Background
The task of recognizing species names in scientific articles is a quintessential step for a large number of applications in high-throughput text mining and data analytics, such as species-specific information collection, construction of species food networks and trophic relationship extraction. These tasks become even more important in fast-paced species-discovery areas such as entomology, where an impressive number of new arthropod species are discovered each year. This article explores the use of twocharacter n-grams (bigrams) in machine learning models for arthropod species name recognition. This particular method has been previously applied successfully to the task of language identification [1] but the application to species name identification had yet to be explored.
Results
Arthropod species names, regular English words used in scientific publications and person names were collected from the public domain and bigrams were extracted and used as classifier features. A number of learning classifiers spanning 7 algorithmic categories (tree-based, rule-based, artificial neural network, Bayesian, boosting, lazy and kernel-based) were tested and the highest accuracies were consistently obtained with LIBLINEAR [2], Bayesian Logistic Regression [3], the Multilayer Perceptron [4], Random Forest [5], and the LIBSVM [6] classifiers.

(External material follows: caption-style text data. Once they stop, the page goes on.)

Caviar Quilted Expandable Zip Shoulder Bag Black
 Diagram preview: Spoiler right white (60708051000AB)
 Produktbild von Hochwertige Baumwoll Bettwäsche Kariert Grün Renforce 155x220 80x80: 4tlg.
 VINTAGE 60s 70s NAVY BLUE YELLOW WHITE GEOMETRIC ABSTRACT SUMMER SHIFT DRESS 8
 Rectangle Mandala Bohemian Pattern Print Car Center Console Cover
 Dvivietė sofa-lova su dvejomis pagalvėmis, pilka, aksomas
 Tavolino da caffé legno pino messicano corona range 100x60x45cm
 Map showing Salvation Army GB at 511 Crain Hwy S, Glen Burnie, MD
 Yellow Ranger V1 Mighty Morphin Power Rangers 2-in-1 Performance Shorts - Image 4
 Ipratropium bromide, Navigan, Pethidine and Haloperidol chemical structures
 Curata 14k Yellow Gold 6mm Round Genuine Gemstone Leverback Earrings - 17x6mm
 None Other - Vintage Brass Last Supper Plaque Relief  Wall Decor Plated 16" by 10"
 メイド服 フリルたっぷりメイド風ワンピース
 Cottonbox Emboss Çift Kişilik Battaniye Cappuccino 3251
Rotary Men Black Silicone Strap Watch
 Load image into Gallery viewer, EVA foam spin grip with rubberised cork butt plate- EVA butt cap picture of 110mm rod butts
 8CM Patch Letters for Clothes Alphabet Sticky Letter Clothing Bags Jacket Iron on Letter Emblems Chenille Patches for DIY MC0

When compared with dictionary-based external software tools such as GNRD [7] and TaxonFinder [8], our top-3 classifiers were insensitive to words capitalization and were able to correctly classify novel species names that are absent in dictionary-based approaches with accuracies between 88.6% and 91.6%.
Conclusions
Our results suggest that character bigram-based classification is a suitable method for distinguishing arthropod species names from regular English words and person names commonly found in scientific literature. Moreover, our method can also be used to reduce the number of false positives produced by dictionary-based methods.